A federal judge dismissed a conservative nonprofit’s defamation lawsuit against the Southern Poverty Law Center Wednesday, reversing a previous judge’s theory of the case.

Critics say the SPLC routinely smears mainstream conservative and Christian groups by placing them on a “hate map” with chapters of the Ku Klux Klan. D.A. King, founder of the Dustin Inman Society, sued the center for defamation after it branded his Georgia-based organization—which opposes illegal immigration—an “anti-immigrant hate group.”

Judge W. Keith Watkins of the Middle District of Alabama allowed the defamation case to move forward in 2023, but Judge Corey L. Maze of the Northern District of Alabama later took the case.

After discovery—the legal process of acquiring documents to prove a case—Maze ruled Wednesday that most of King’s claims fell outside the statute of limitations, and that King further failed to prove the center acted with “actual malice” in re-publishing the “hate group” accusation. King died last year, but his estate is a plaintiff in the case.

Harry Mihet, chief litigation counsel for Liberty Counsel and one of King’s attorneys, told The Daily Signal that Judge Maze took the wrong approach to the case.
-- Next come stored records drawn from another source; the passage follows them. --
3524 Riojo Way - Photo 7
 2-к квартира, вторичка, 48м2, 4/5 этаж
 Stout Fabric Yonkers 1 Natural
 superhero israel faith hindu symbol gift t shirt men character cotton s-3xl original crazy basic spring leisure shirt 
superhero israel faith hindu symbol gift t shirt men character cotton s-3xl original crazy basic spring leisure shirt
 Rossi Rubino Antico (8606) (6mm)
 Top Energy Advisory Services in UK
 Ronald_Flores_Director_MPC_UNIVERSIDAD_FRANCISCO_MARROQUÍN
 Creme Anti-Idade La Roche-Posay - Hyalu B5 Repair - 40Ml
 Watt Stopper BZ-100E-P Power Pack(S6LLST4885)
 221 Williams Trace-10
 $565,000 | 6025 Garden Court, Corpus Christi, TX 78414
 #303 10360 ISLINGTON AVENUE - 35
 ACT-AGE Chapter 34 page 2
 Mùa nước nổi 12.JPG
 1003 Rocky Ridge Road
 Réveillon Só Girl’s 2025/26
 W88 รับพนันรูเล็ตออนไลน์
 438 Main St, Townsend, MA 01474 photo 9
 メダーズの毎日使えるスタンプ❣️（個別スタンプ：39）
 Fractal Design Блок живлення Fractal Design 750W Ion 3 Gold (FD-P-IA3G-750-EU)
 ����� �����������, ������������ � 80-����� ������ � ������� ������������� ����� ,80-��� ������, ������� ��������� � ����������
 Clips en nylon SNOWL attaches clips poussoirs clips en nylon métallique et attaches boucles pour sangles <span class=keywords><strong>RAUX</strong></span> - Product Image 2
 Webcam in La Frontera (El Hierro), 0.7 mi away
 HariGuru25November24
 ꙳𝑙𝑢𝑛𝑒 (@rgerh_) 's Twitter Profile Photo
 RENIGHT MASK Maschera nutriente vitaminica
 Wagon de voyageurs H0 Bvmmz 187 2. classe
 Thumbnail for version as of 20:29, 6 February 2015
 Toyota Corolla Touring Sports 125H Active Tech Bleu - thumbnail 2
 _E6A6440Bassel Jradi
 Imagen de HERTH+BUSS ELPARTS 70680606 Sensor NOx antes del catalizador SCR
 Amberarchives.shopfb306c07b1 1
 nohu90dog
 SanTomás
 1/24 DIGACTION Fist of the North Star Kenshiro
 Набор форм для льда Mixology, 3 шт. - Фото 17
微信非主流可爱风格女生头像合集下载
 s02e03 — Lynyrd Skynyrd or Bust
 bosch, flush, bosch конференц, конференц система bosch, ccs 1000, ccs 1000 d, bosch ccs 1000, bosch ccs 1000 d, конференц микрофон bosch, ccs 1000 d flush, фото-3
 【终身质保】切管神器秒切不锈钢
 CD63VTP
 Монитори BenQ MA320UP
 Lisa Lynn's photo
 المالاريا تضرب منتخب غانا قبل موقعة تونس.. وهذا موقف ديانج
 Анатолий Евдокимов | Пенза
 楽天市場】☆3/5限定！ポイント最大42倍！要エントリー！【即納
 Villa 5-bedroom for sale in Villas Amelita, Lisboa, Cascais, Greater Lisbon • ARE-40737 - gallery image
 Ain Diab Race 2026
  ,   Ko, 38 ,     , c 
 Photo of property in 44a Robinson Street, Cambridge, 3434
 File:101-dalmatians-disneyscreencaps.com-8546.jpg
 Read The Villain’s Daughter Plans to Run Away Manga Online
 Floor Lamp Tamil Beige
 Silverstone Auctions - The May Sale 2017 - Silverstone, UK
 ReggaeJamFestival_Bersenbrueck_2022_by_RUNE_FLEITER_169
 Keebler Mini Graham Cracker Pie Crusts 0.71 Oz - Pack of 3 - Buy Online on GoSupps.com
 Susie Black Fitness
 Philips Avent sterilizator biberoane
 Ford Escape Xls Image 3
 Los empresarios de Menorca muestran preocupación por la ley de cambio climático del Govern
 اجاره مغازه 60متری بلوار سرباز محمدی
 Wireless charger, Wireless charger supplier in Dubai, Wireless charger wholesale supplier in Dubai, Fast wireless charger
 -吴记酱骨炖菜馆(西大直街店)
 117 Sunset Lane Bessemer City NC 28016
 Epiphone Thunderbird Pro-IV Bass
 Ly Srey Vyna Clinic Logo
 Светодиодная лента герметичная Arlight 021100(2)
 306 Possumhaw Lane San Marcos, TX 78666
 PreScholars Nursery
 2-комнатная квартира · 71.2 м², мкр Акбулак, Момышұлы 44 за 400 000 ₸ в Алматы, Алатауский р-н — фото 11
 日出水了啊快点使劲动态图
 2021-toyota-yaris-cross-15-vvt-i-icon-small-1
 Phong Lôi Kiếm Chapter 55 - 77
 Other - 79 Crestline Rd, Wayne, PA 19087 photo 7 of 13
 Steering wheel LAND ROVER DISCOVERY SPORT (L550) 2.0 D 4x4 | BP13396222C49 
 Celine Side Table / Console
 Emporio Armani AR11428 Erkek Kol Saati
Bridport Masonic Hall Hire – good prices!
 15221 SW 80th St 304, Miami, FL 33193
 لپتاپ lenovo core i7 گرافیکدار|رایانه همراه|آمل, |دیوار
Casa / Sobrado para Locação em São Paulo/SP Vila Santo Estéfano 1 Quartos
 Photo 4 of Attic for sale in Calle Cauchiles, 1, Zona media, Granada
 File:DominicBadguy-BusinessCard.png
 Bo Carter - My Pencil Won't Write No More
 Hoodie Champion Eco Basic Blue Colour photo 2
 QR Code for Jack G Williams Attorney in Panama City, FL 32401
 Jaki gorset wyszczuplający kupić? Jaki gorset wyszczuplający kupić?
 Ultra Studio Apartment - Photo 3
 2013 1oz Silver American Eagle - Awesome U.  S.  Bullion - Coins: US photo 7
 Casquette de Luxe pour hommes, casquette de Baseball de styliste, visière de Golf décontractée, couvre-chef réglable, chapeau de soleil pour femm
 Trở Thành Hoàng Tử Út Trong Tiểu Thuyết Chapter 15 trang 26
“I think the first judge who looked at this issue got it exactly right and the court currently got it exactly wrong,” Mihet told The Daily Signal in a phone call Thursday.

“The first judge looked at this in careful detail and nothing’s changed since. Whether something is time barred is a matter of law, so that should not have been affected by the facts in discovery.”

Watkins’ Ruling on the SPLC

King sued in April 2022, meaning the SPLC’s initial “hate group” accusation in 2018 fell outside of Alabama’s statute of limitations.

However, the center has repeated its accusation each year since, so Judge Watkins ruled as timely the accusation published in 2021.

Watkins also found that, because the SPLC initially stated in 2011 that the Dustin Inman Society was not a “hate group” before reversing course, the center may have smeared the society despite knowing that it was not an “anti-immigrant hate group.”

Defamation cases face high hurdles due to the Supreme Court’s precedents from New York Times v. Sullivan (1964) onward.

Watkins found the SPLC’s specific claim that the society—which has legal immigrants on its board—”poses as an organization concerned about immigration issues, yet focuses on vilifying all immigrants” likely met the defamation standard of “actual malice,” where the defendant publishes a provably false statement while likely suspecting the statement was false.

Since the SPLC uses this claim to support its “hate group” designation, republished every year, Watkins ruled the claim did not fall outside the statute of limitations.

Maze’s Reversal

Yet Judge Maze reversed the decision, holding that the initial 2018 “hate group” designation, and the subsequent “extremist profile” explaining it, fell outside the statute.

Maze found only one claim timely—the 2021 “hate group” accusation—and he ruled that King failed to show the SPLC acted with “actual malice,” because he had no evidence that the SPLC staffer who made the 2021 decision, Keegan Hankes, had reason to doubt the truth of the accusation.

Maze wrote that the SPLC’s claim that the society vilifies all immigrants “is non-actionable rhetorical hyperbole,” the kind of “loose, figurative language that no reasonable person would believe presented facts.” 

What Went Wrong?

Mihet, King’s attorney, accused Judge Maze, a Republican and appointee of President Donald Trump, and his magistrate judge of defending the SPLC.

“They really hamstrung our hands in discovery in terms of what we could ask and receive from the SPLC,” the attorney told The Daily Signal. “They protected the SPLC vehemently.”

“Now he complains that we didn’t show him more evidence in discovery,” Mihet added. “It’s because he and his magistrate carefully circumscribed the scope of discovery.”

Mihet said he aimed to reveal a pattern of the SPLC smearing conservatives, but the judge would not allow “this line of questioning.”

Todd McMurtry, King’s lead attorney, told The Daily Signal he has not yet decided whether to appeal the ruling.

“We will review the decision and evaluate next steps,” he said.

The SPLC did not respond to The Daily Signal’s request for comment.